All of Chicago, church participants attended Sunday Mass. He is surprised and cheered about the Pope elections of the Indigenous Peoples on the south side of the city. They told the story of when he was Robert Prevost.

“There’s no more war,” Pope Leo XIV says in his first Sunday message
Pope Leo XIV addressed the crammed square of St. Peter, reflecting his predecessor, Pope Francis’ repeated theme, an urgent plea for peace.
Chicago – Rome, an ancient city and historic home of the Catholic Church, approached the south on Sunday as Chicagoans still knew the reality that their neighbour’s son became Pope, the first American.
Pope Leo XIV, successor to Pope Francis, was born about three miles south of Chicago’s iconic Downtown Loop area, and first learned his faith in the diocese suburbs south of the city. The stubborn residents have been celebrating the news since last week’s election at Conclave.
“That’s great,” said David Williams of Southsider, who attends a packed Mass at the Cathedral of Holy Names. “Now we are known for Michael Jordan, Al Capone and Pope. Chicago Holy Trinity. Let the public decide what order they want to put in.”
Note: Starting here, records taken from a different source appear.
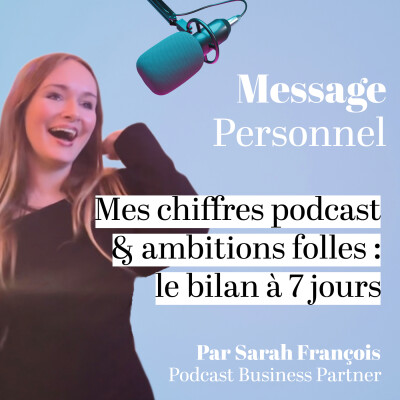 Je révèle tous les chiffres de mon podcast & mes ambitions les plus folles : le bilan à 7 jours ! • [Quotidienne 8/31 I Entrepreneuriat] cover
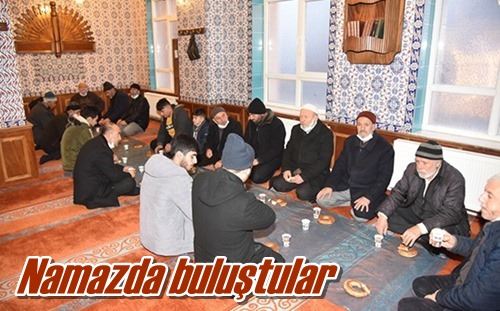 Namazda buluştular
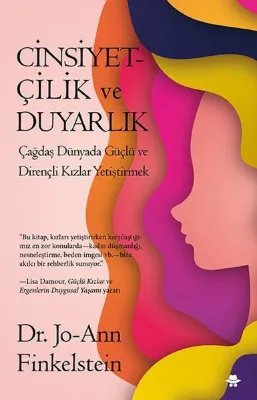Cinsiyetçilik ve Duyarlık - Çağdaş Dünyada Güçlü ve Dirençli Kızlar Yetiştirmek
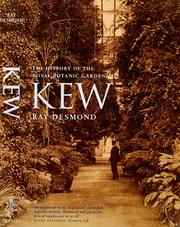 Kew : the history of the Royal Botanic Gardens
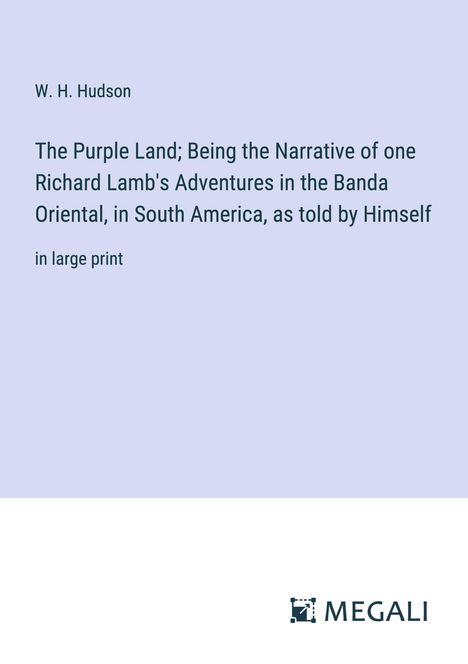 W. H. Hudson: The Purple Land; Being the Narrative of one Richard Lamb's Adventures in the Banda Oriental, in South America, as told by Himself, Buch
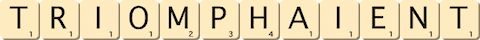 triomphaient triomphaient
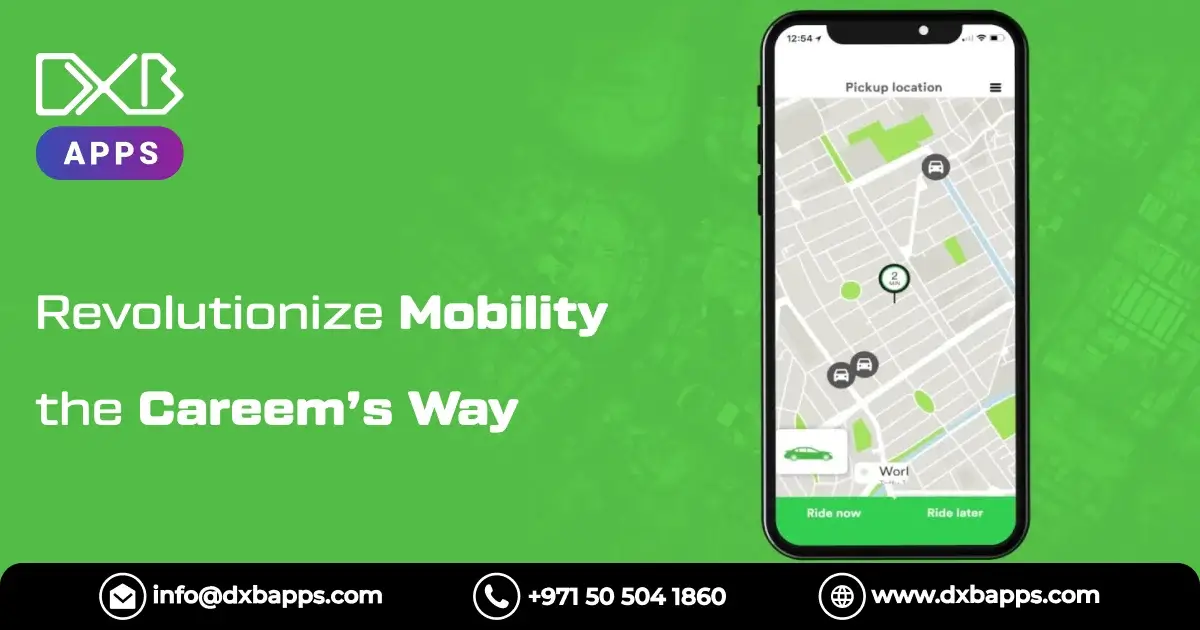 Revolutionize Mobility the Careem Way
Leo’s election came as a complete surprise in Chicago. The city of 2.6 million has long been known as a Catholic fortress in the United States. However, the pope of the nation was seen as unthinkable given America’s power over the world stage.
Now that Leo is elected, some say Chicagoans are actually what the world needs.
“It shows us that Jesus brought us from very wealthy to very poor,” said Williams, 62. “This is a wonderful extension of Christian tradition.”
His wife, Frida Williams, expects him to reach all.
“Chicago is multicultural, so they really got people who are multicultural,” the 68-year-old said. “They really have someone to represent all of the people.”
Parishs of the church, located just north of the loop, said Mass on Sunday after Leo’s election was more crowded than Easter.
Leo’s first public in Chicago after the election is tempting for South Side Native to deliver his own first Sunday speech at St. Peter’s Square, warning of the “fragmented” World War III and seeking peace.
Around his hometown, the church was decorated with yellow and white flags of the Vatican, and the people of the church cheered “Viva Papaleo XIV.”
Leo loves Chicago, Cumbia and tennis, Bishop says.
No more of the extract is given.